Purpose : We previously described the two-dimensional continuous time hidden Markov model (2D CT-HMM) to model glaucoma progression using structural and functional measurements simultaneously. The purpose of this study was to validate the glaucoma progression prediction performance of a previously trained model on data collected from a different cohort.

Methods : A 2D CT-HMM was trained using optical coherence tomography (OCT; Cirrus HD-OCT, Zeiss, Dublin, CA) mean circumpapillary retinal nerve fiber layer (cRNFL) thickness and visual field index (VFI; Humphrey Field Analyzer, Zeiss) obtained from 107 eyes of 107 subjects, including glaucoma and glaucoma suspect. Average observation period was 4.2 years (7.1 visits). Approximately 1 year of longitudinal data were collected from a separate cohort. 78 eyes of 39 subjects, glaucoma and glaucoma suspect, with an average of 2.2 ± 0.4 visits were included. After matching the distribution of OCT and VF data on the training cohort, 19 eyes from 14 subjects were selected. The previously trained model was tested on these cases. One visit was used as an input to the model to predict the state at the next visit at least 6 months later, with 4 possible state changes (stable, OCT, VF, or OCT+VF progression).
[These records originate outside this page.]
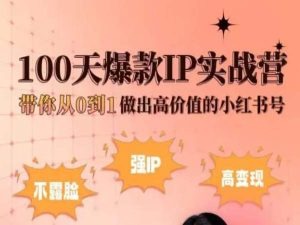 小红书100天爆款IP实战营，带你从0到1做出高价值的小红书号-学帮帮
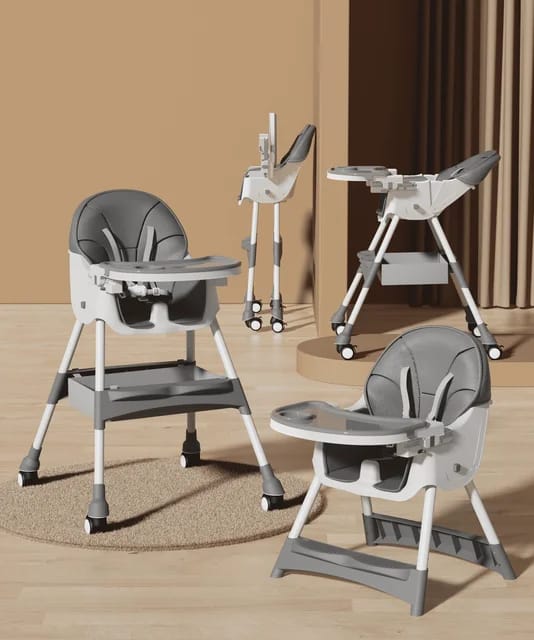 2 in 1 reclining baby feeding chair
It's foldable 
Converts into low or high chair 
Has 3 reclining seat positions 
Has wheels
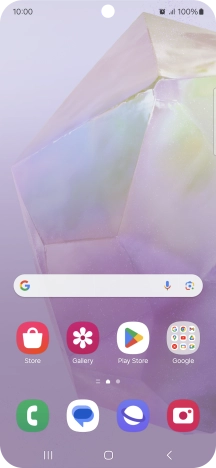 The alarm icon shows that the alarm is set.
The percentage of correct prediction against the actual recorded state was reported as the prediction accuracy.

Results : Baseline age of the test cohort was 58.4 ± 13.9 years, VFI 93.6 ± 8.3, mean cRNFL thickness 74.0 ± 10.9μm. Figure 1 shows the trained model. The size of the circle (state) shows the number of subjects passing through the state. The grayscale of the state indicates the length of time spent there, increasing white to black. Lines indicate state changes, with the blue line being the most likely. This information is also shown in numerical form. The inset shows an example of model use. The calculated prediction accuracy of this pre-trained 2D CT-HMM on test data was 52.6%.

Conclusions : Although the glaucoma progression prediction performance of the trained 2D CT-HMM was slightly lower than that previously reported, it is acceptable given the training and testing cohorts were different, and it exceeds the random chance of making a correct prediction, 25%. Furthermore, unlike conventional methods, this model requires only one visit as an input, which makes it a potentially useful tool in the clinical prediction of glaucoma progression.

This is an abstract that was submitted for the 2018 ARVO Annual Meeting, held in Honolulu, Hawaii, April 29 - May 3, 2018.